Unsupervised Classification using Google Earth Engine

Introduction

Google Earth Engine

Google Earth Engine Sign Up Page

Google Earth Engine is a cloud-based open source platform for satellite imagery and geospatial data analysis. It allows users to access, visualize, and analyze large-scale datasets of satellite and aerial imagery, providing tools for researching and monitoring the earth's resources and changes over time. With its vast collection of data and powerful analysis tools, Earth Engine enables users to gain insights and make data-driven decisions on a global scale.

One of the key features of Google Earth Engine is its code editor, which allows users to write, execute, and share scripts for processing and analyzing geospatial data. The code editor includes a range of pre-defined functions and libraries for working with Earth Engine data, as well as a built-in code editor and debugger for writing and testing custom code.
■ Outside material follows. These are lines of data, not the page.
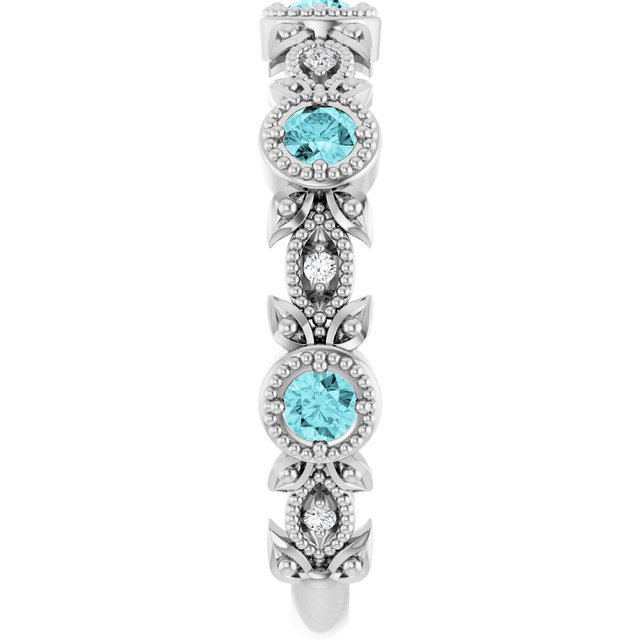 14k-white-natural-blue-zircon-&-.03-ctw-natural-diamond-leaf-ring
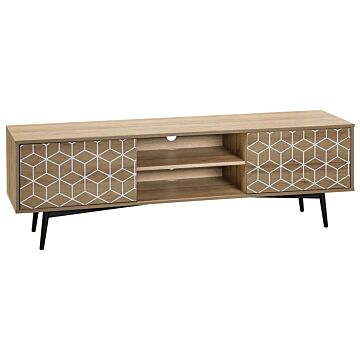 Tv Stand Light Wood Veneer For Up To 60ʺ Tv With 2 Cabinets And Open Shelf Media Unit Beliani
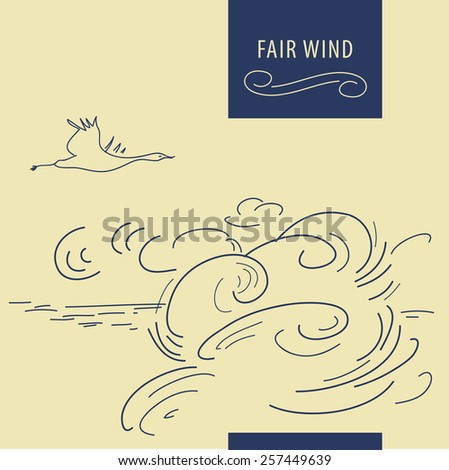 Vector background with the image of a bird in the sky. Travel company. Postcard traveler.Vintage wallpaper, flying bird, waves, clouds, sea
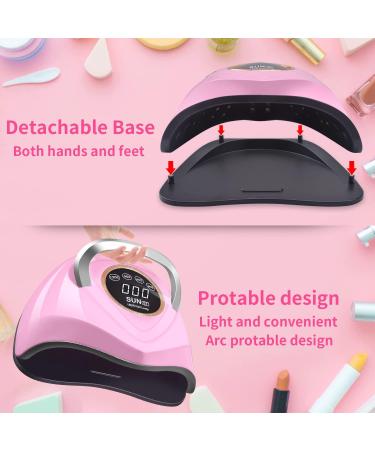180W UV LED Nail Lamp - Fast Gel Dryer with 48 Lamp Beads, Timer Settings, Sensor & Portable Handle - Pink - Buy Online on GoSupps.com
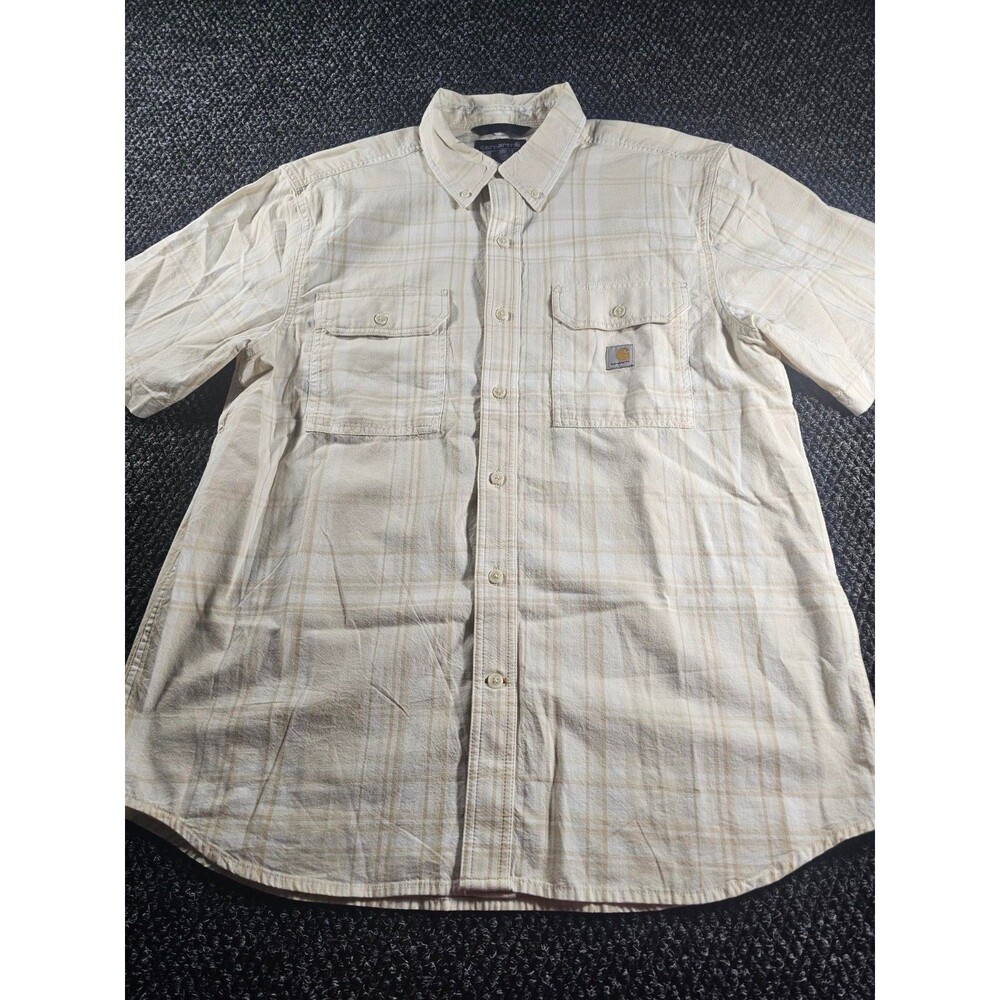 Carhartt Mens Large Loose Fit Plaid Short Sleeve Button Up Work Shirt Beige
With the code editor, users can easily access and manipulate large datasets, perform complex analyses, and create customized visualizations of their data. The code editor also enables users to share their scripts and collaborate with others on their work, making it an essential tool for researchers and analysts working with geospatial data.
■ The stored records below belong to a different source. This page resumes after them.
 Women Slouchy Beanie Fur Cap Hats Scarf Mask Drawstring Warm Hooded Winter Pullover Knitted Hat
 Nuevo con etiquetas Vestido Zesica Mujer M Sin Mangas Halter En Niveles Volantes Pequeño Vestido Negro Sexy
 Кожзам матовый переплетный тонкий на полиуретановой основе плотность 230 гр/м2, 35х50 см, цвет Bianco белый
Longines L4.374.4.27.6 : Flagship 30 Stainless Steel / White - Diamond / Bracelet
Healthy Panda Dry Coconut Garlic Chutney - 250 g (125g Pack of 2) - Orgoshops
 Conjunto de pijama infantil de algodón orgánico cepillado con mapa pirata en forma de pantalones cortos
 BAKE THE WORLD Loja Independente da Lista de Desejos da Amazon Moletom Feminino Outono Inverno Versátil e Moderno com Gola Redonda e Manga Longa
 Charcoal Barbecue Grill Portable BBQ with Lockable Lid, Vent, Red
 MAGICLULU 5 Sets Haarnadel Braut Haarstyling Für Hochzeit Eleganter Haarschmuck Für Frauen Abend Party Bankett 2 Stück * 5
Unsupervised classification is a type of machine learning technique that is used to classify data without any pre-existing labels. Unlike supervised classification, which uses labeled data to train the model, unsupervised classification relies on the inherent structure of the data itself to identify patterns and relationships within the data. This allows the model to learn from the data without any human intervention, making it a powerful tool for exploring and analyzing large, complex datasets. Despite its potential, unsupervised classification is not without its challenges, including the need for large amounts of data and the difficulty in interpreting the results of the classification. Overall, unsupervised classification is a valuable tool for uncovering hidden patterns and relationships within data.

Setting up a GEE Account

It is recommended to first create a Google account if you do not have one.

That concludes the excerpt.